A bit further down these y variables appear.
$ sex.y : Factor w/ 7 levels "missing","inapplicable",..: 7 6 NA 6 NA NA NA 6 6 NA ...
$ edtype.y : Factor w/ 10 levels "missing","inapplicable",..: 3 3 NA 2 NA NA NA 3 3 NA ...
$ age.y : Factor w/ 91 levels "missing","inapplicable",..: 23 16 NA 20 NA NA NA 37 26 NA ...

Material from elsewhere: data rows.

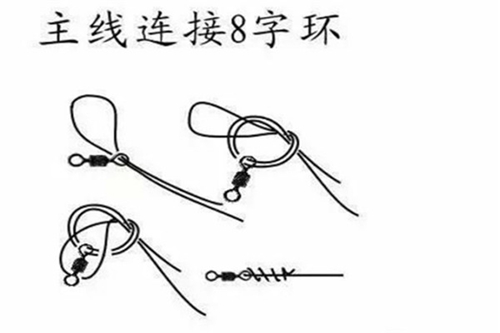 几种不易断线的钓线连接点打结方式图解_WWW.YUJUCEPING.COM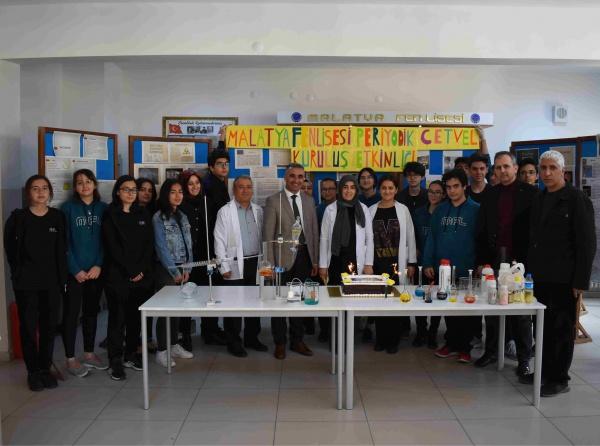 Periyodik Cetvel 150 Yasinda Malatya Erman Ilicak Fen Lisesi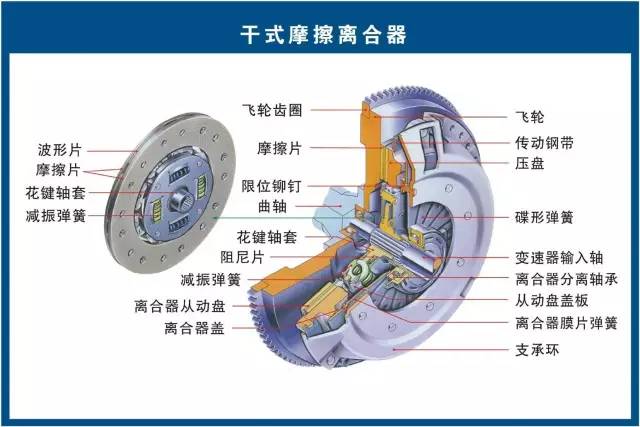 汽车零部件加工累吗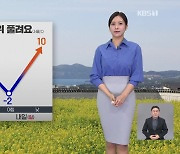 [5시 날씨] 내일, 낮부터 기온 올라가…동해안 너울 주의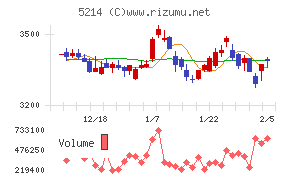 日本電気硝子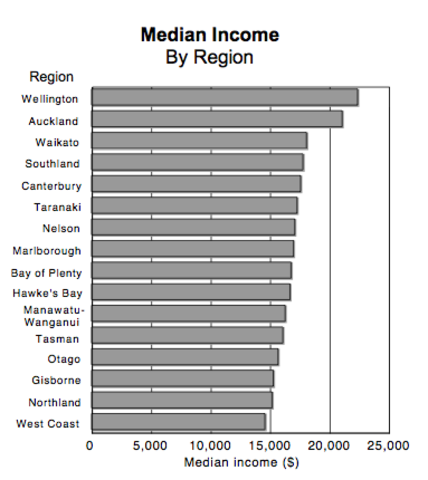 150 years of the census in NZ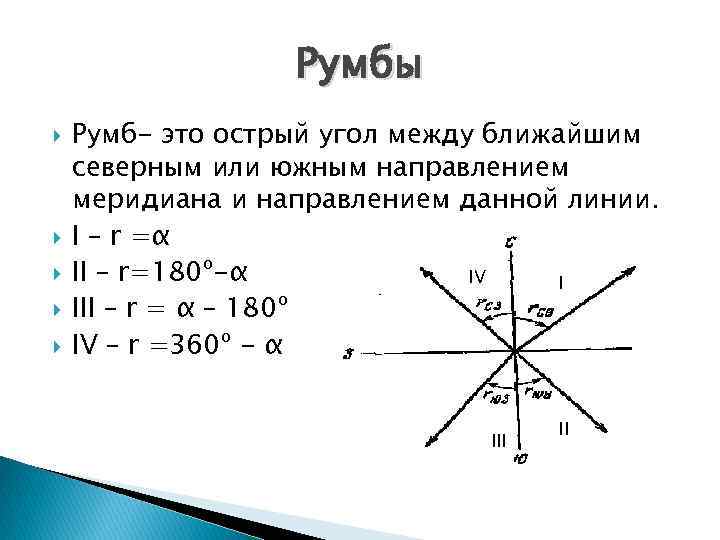 Четверти румбов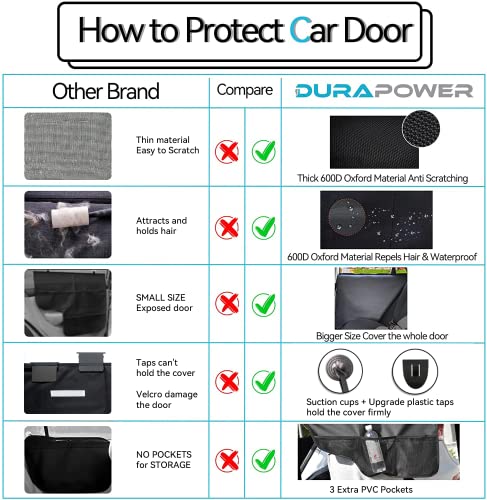 Durapower Protector de puerta de automóvil para perro, paque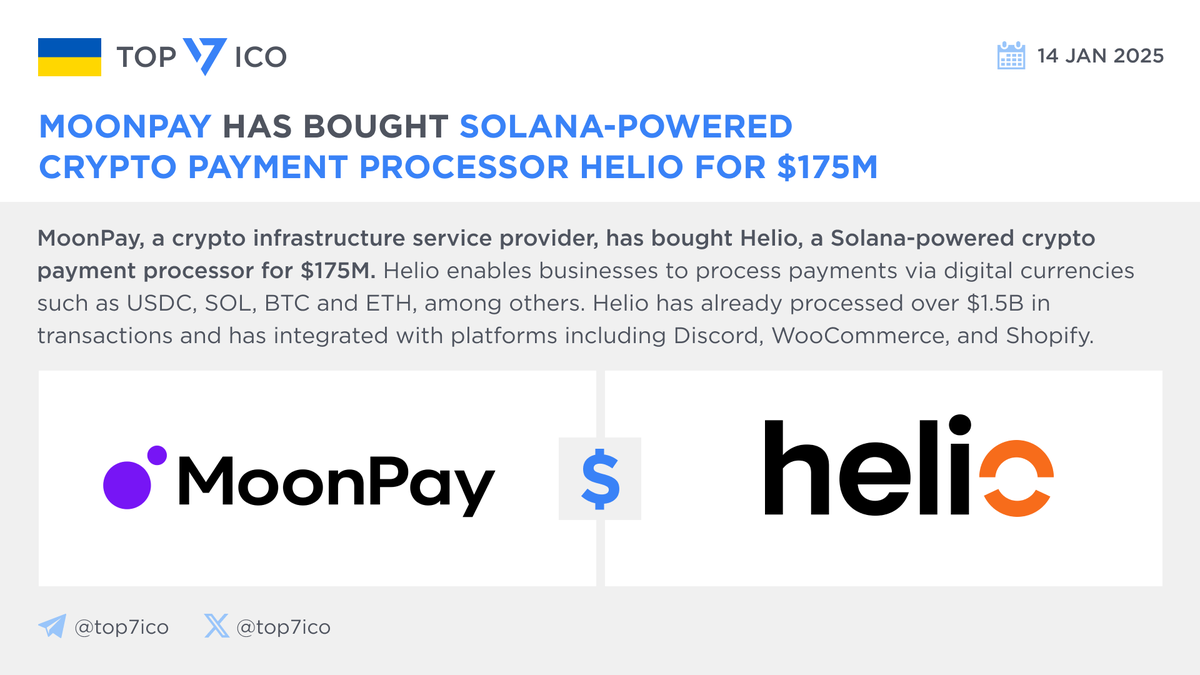 MoonPay has bought Solana-powered crypto payment processor Helio for $175M  @helio_pay enables businesses to process payments via digital currencies  such as $USDC, $SOL, $BTC and $ETH, among others. #Helio has already  processed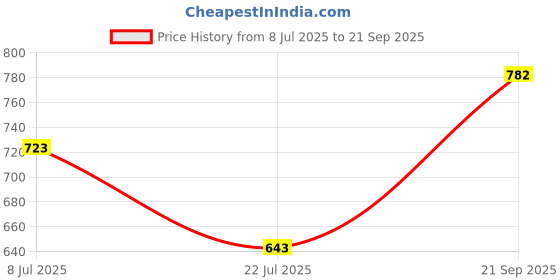 ajio.com svaraa Women Printed Straight Kurta Set with Dupatta svaraa Price History Graph from 8 Jul 2025 to 21 Sep 2025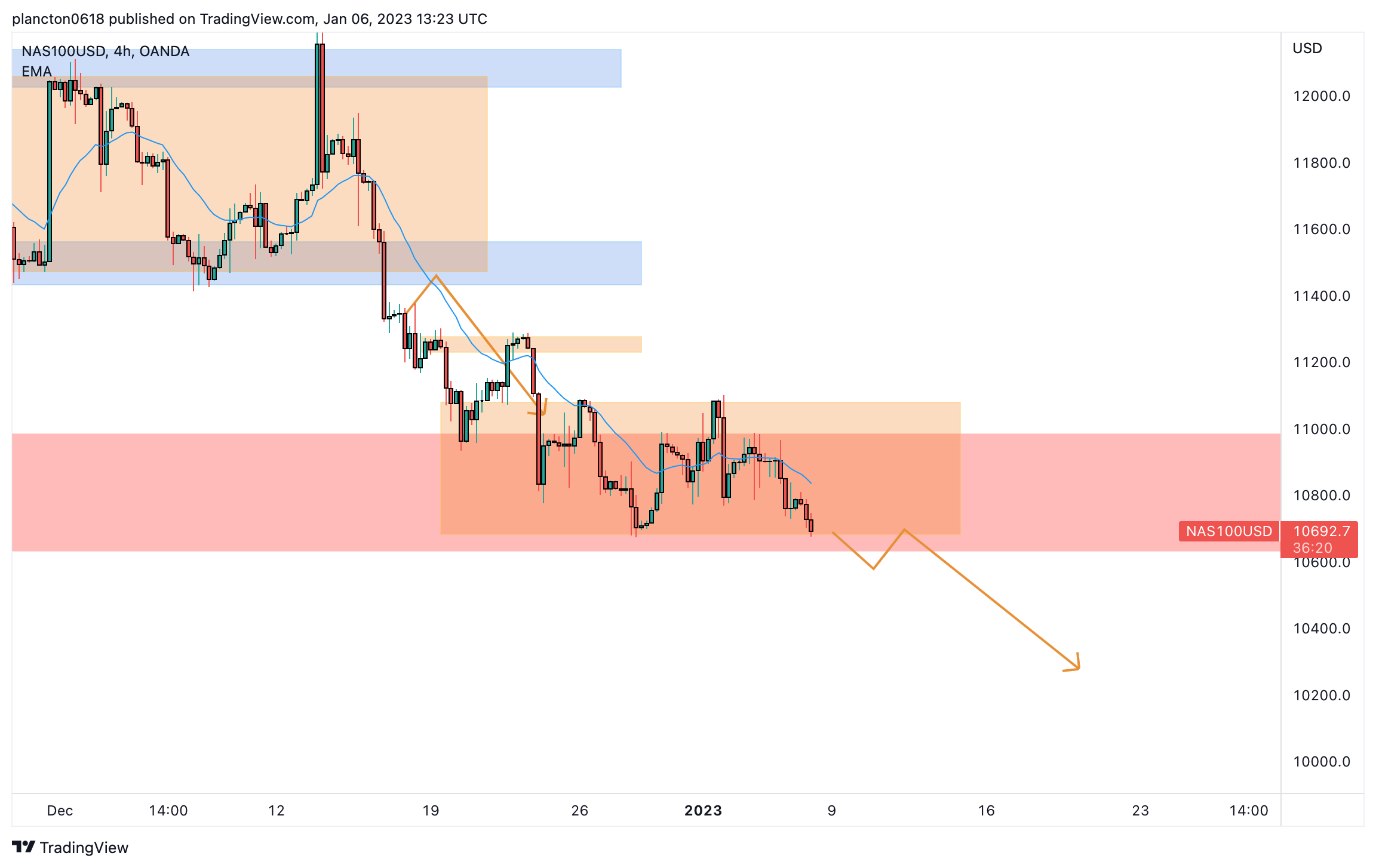 OANDA:NAS100USD Chart Image by InkyGrip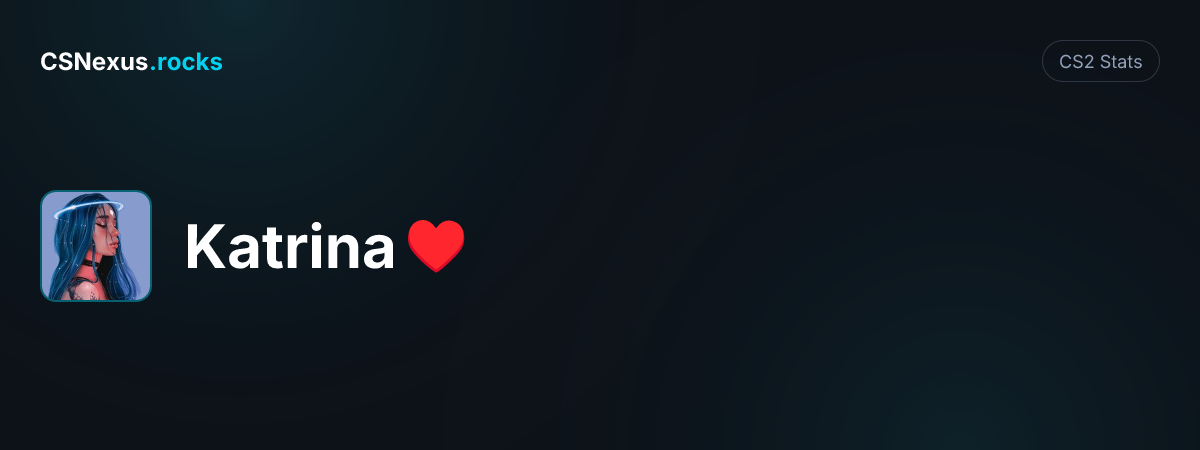 CS2 stats for Katrina♥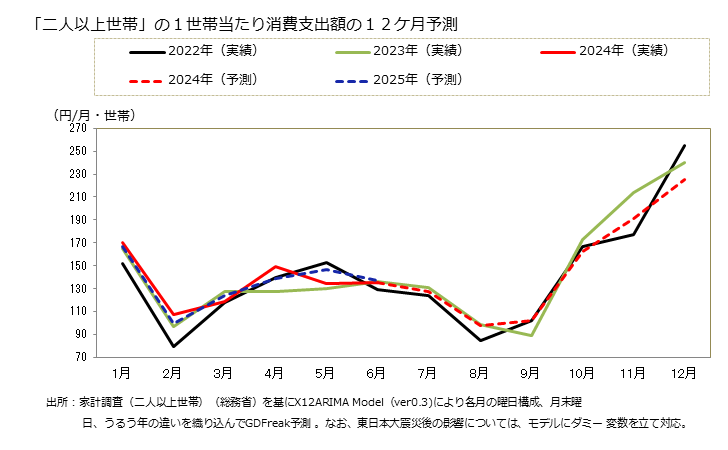 グラフ 婦人用ソックスの家計消費支出 「二人以上世帯」の１世帯当たり消費支出額の１２ケ月予測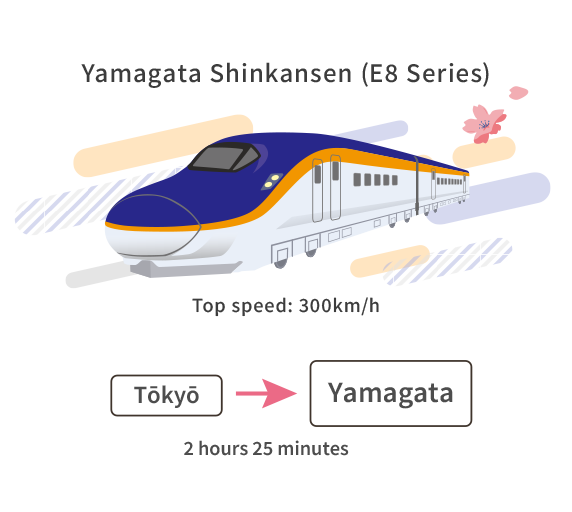 Yamagata Shinkansen (E8 Series)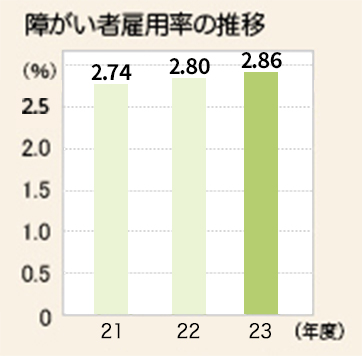 障がい者雇用への取り組み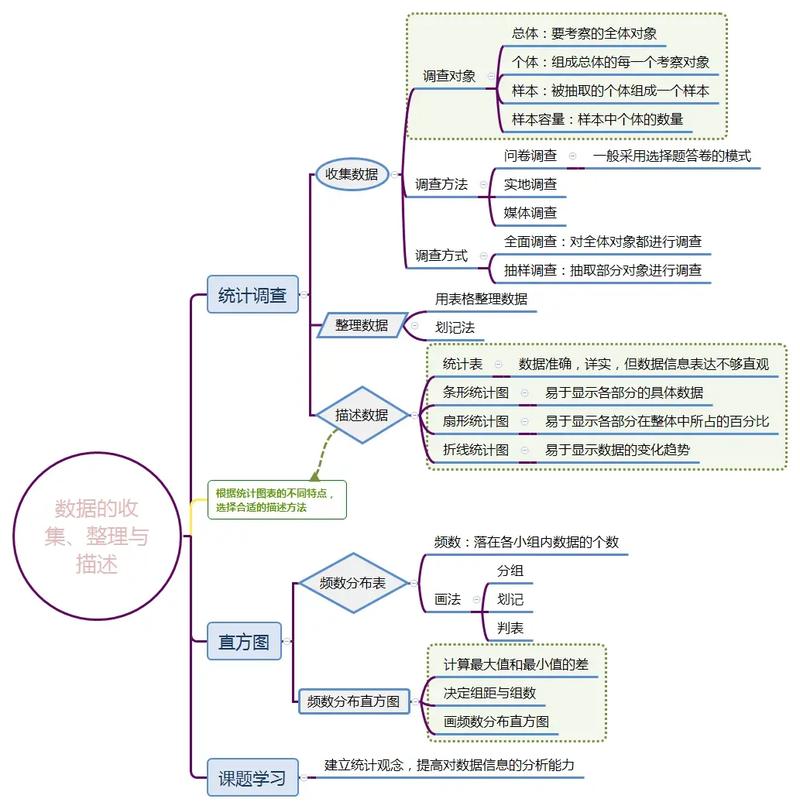 七年级数据收集整理如何高效掌握？
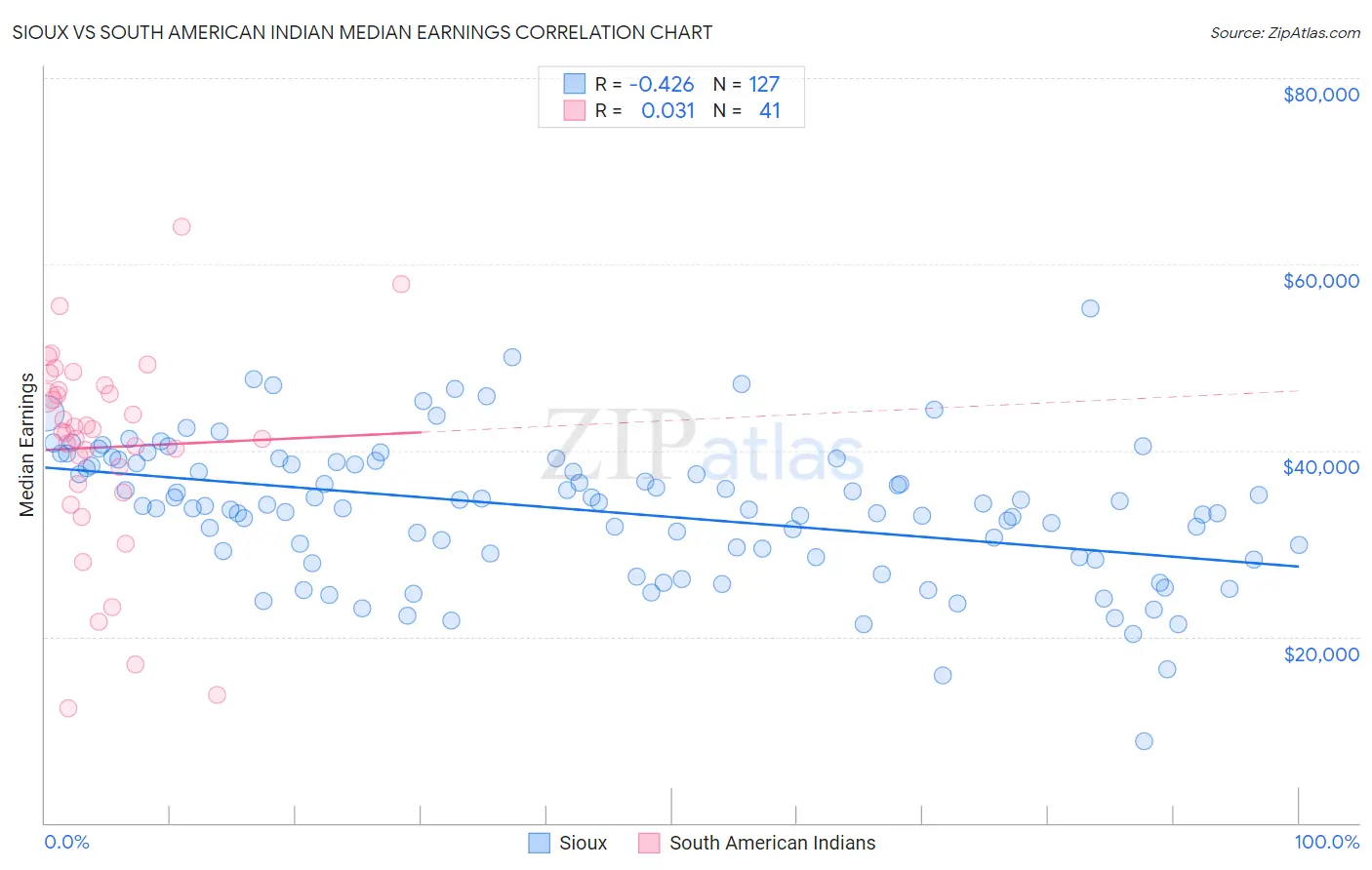 Sioux vs South American Indian Median Earnings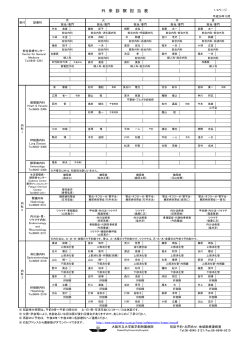 外 来 診 察 担 当 表 - 大阪市立大学医学部附属病院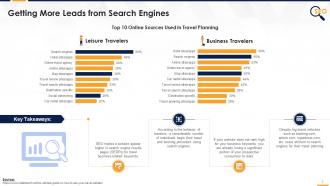 SEO Benefits Getting More Leads From Search Engines Edu Ppt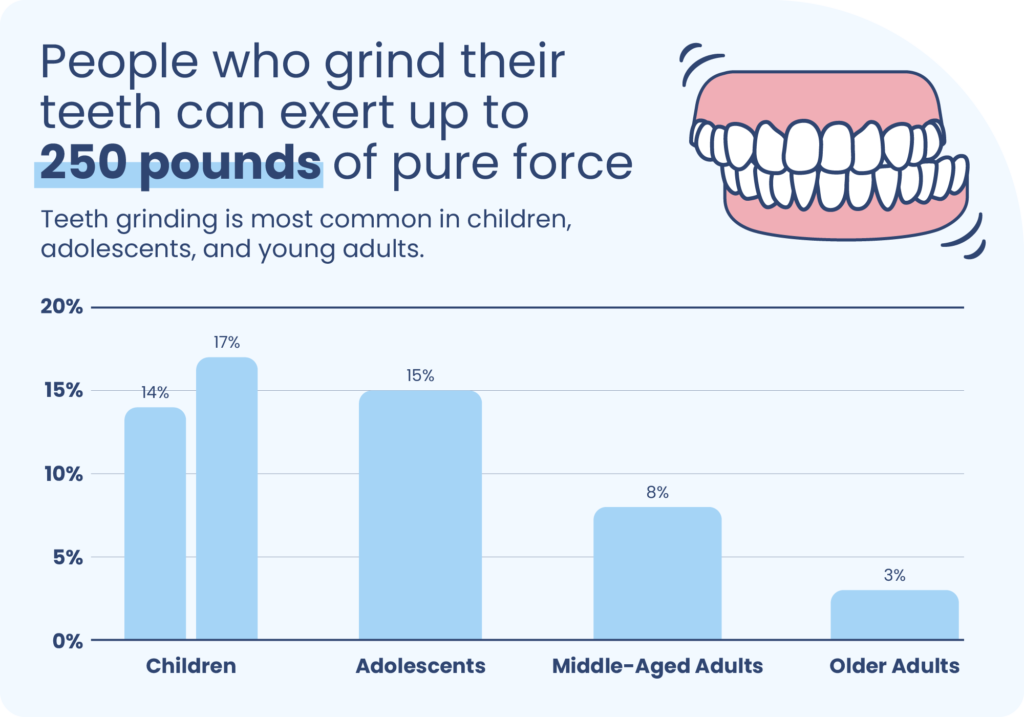 Graph showing teeth grinding is most common in children, adolescents, and young adults. 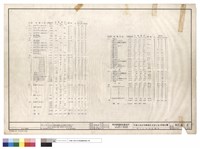 動力及照明負載表藏品圖，第1張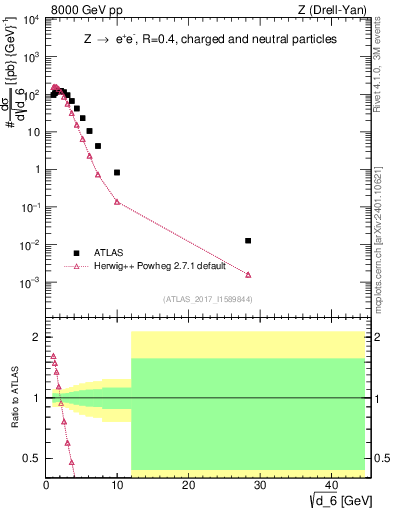 Plot of d6 in 8000 GeV pp collisions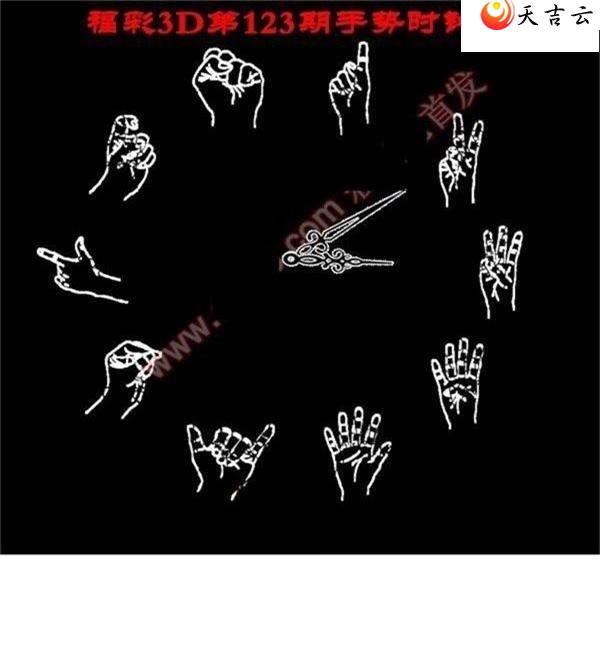 3d22123������ʱ��ͼ��1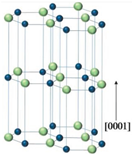 Batteries 09 00344 i003 Batteries 09 00344 i003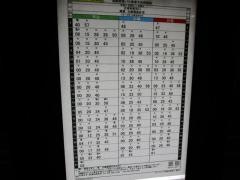 「さいたま新都心駅西口」バス停留所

What does this mean? And how do I get it so that it matches the variables such as sex from tablea and tableb into a singular variable in the new dataframe.
Cheers
Upvotes: 0
Views: 172
Reputation: 145755
With joins (merges) you have two options for columns:
by
argument---and the values in each table will be compare and must be equal for the row to be joinedby
argument---and no assumptions are made about whether the values are equal. Columns from each data frame will be included separately, and it's up to you to handle them.There are a bunch of variables I was expecting to match up
If you want them to be matched, you need to tell your full_join
call. This means putting them in the by
to your full_join
. If you leave the by
argument blank, dplyr
's defaults will assume you want to match all columns with the same names. When you do specify a by
argument, no more assumptions will be made, and any columns that appear in both data frames but do not appear in the by
argument will be kept separately, with .x
and .y
appended so you can tell the sources apart.
Upvotes: 2